Directions for this task » Set down again each entry exactly as it reads, pictures excluded.
>>>
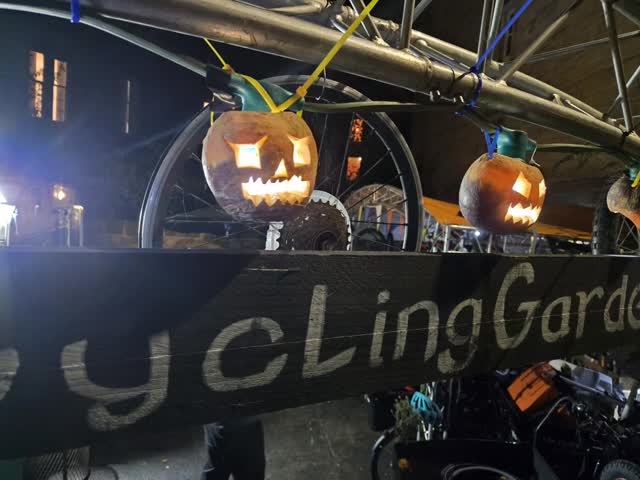 Our yard is starting to look spooky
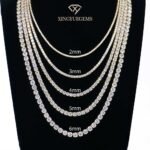 2mm-6mm Moissanite Diamond Tennis Bracelet Necklace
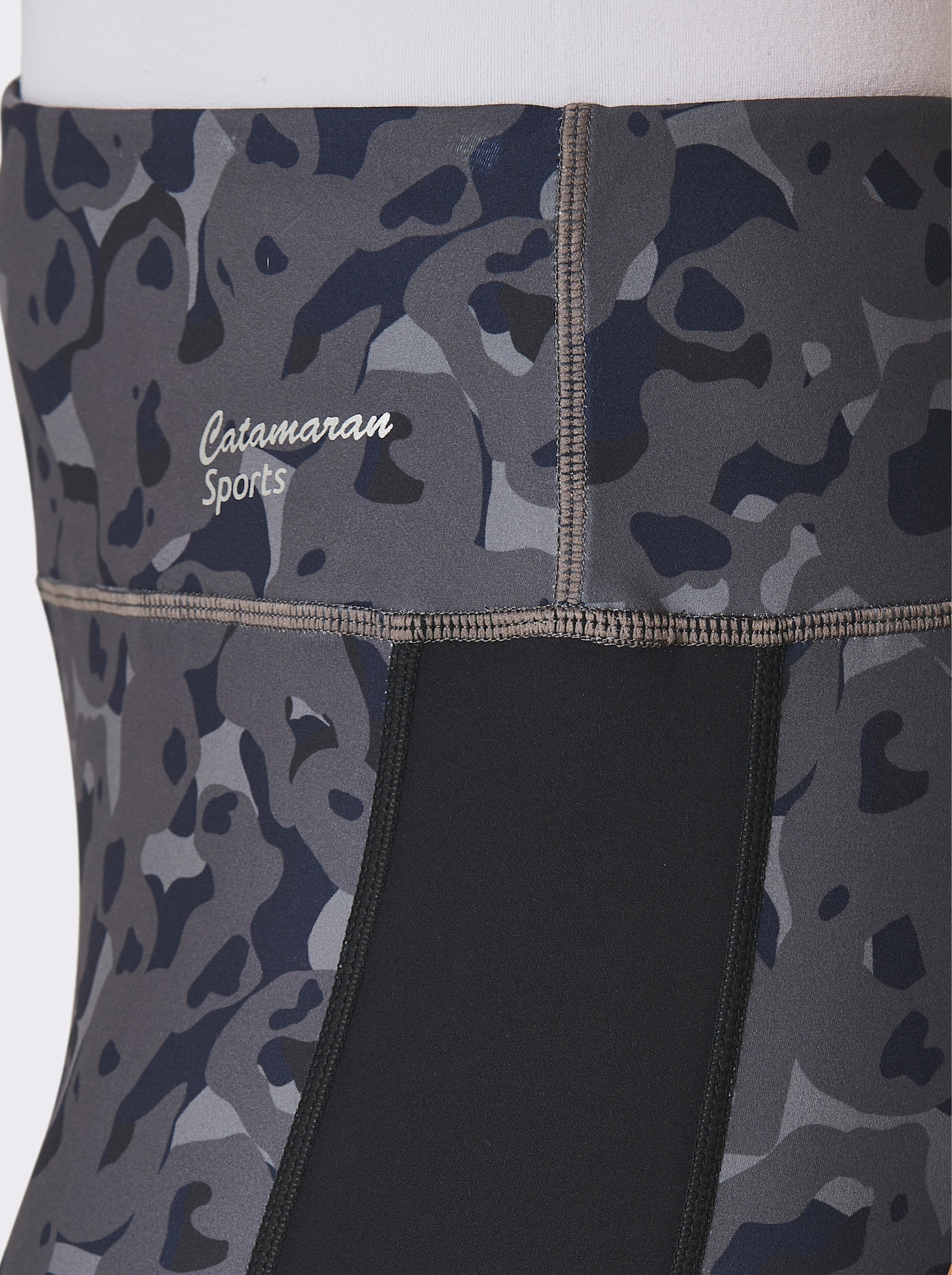 Catamaran Sports Yogaleggings mit breitem Bund - anthrazit-gemustert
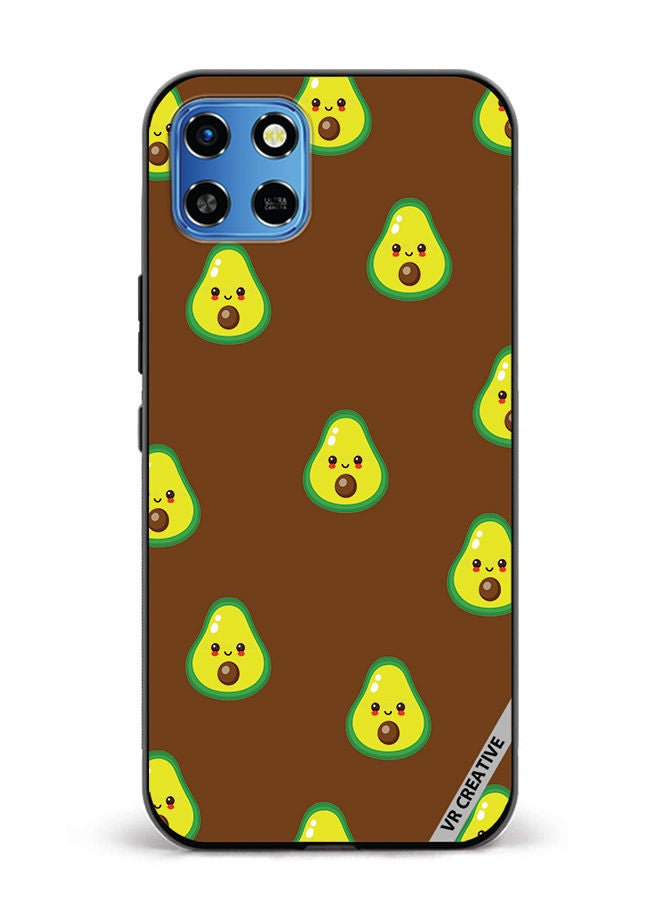 VR CREATIVE Protective Case Cover For Infinix Smart 6 HD Avocado Design Multicolour - Image 1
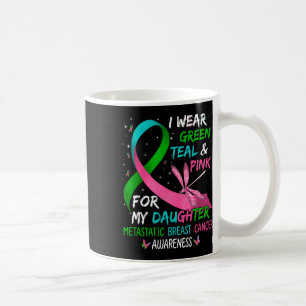 Draag groen Blauwgroen roze voor mijn dochter Meta Koffiemok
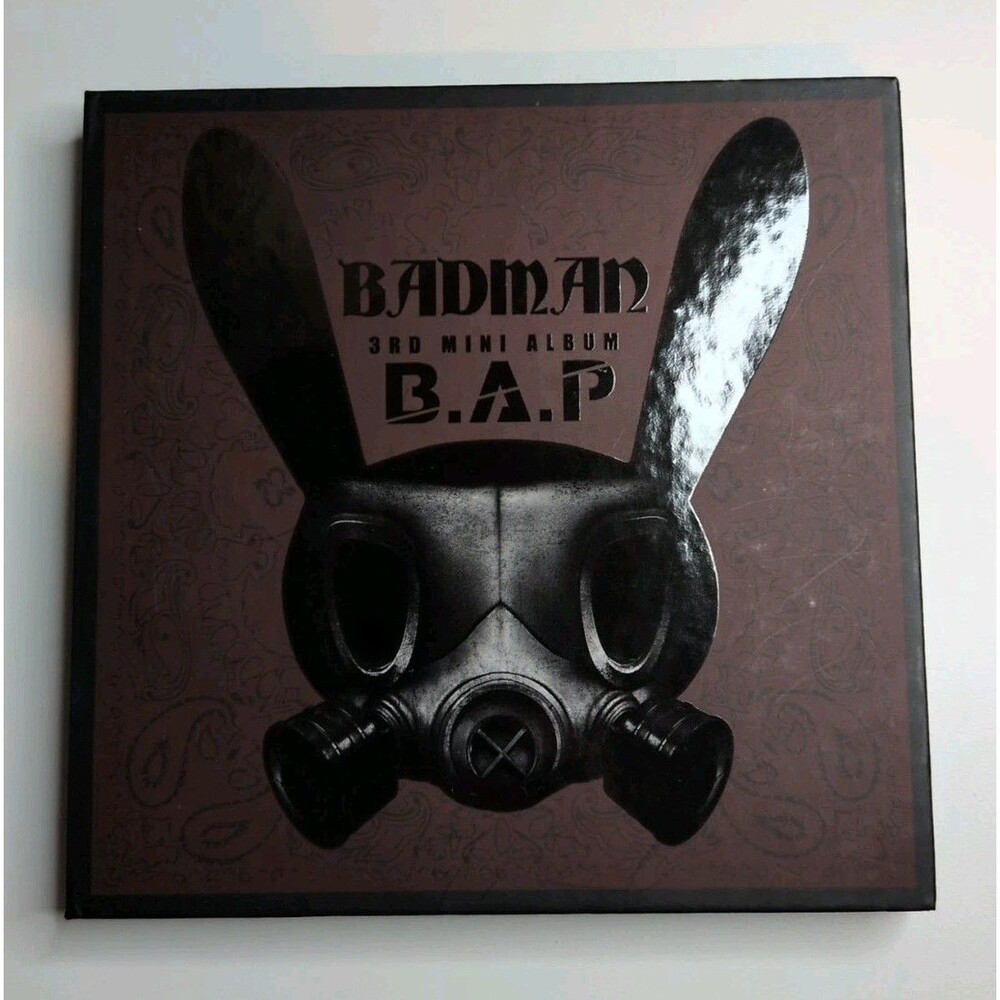 B.A.P BAP BADMAN 3rd Mini Album CD+48p Photo Book+Card+Stencil KPOP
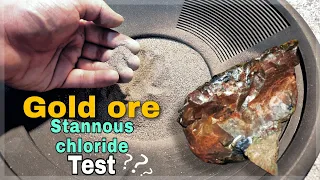 Test gold ore with stannous chloride | Is it possible ??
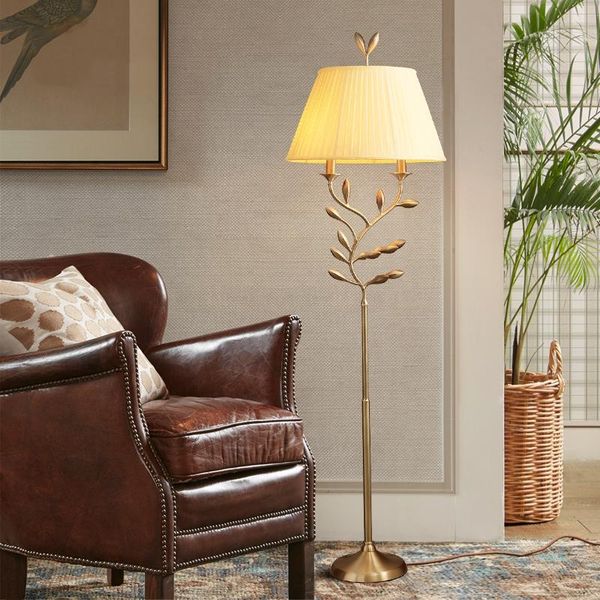 all-copper american light luxury floor lamp branch bedroom living room fabric bedside counter lamp nordic retro lamps simple
all-copper american light luxury floor lamp branch bedroom living room fabric bedside counter lamp nordic retro lamps simple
<<<
Answer space »
 Our yard is starting to look spooky
 2mm-6mm Moissanite Diamond Tennis Bracelet Necklace
 Catamaran Sports Yogaleggings mit breitem Bund - anthrazit-gemustert
 VR CREATIVE Protective Case Cover For Infinix Smart 6 HD Avocado Design Multicolour - Image 1
 Draag groen Blauwgroen roze voor mijn dochter Meta Koffiemok
 B.A.P BAP BADMAN 3rd Mini Album CD+48p Photo Book+Card+Stencil KPOP
 Test gold ore with stannous chloride | Is it possible ??
 all-copper american light luxury floor lamp branch bedroom living room fabric bedside counter lamp nordic retro lamps simple
all-copper american light luxury floor lamp branch bedroom living room fabric bedside counter lamp nordic retro lamps simple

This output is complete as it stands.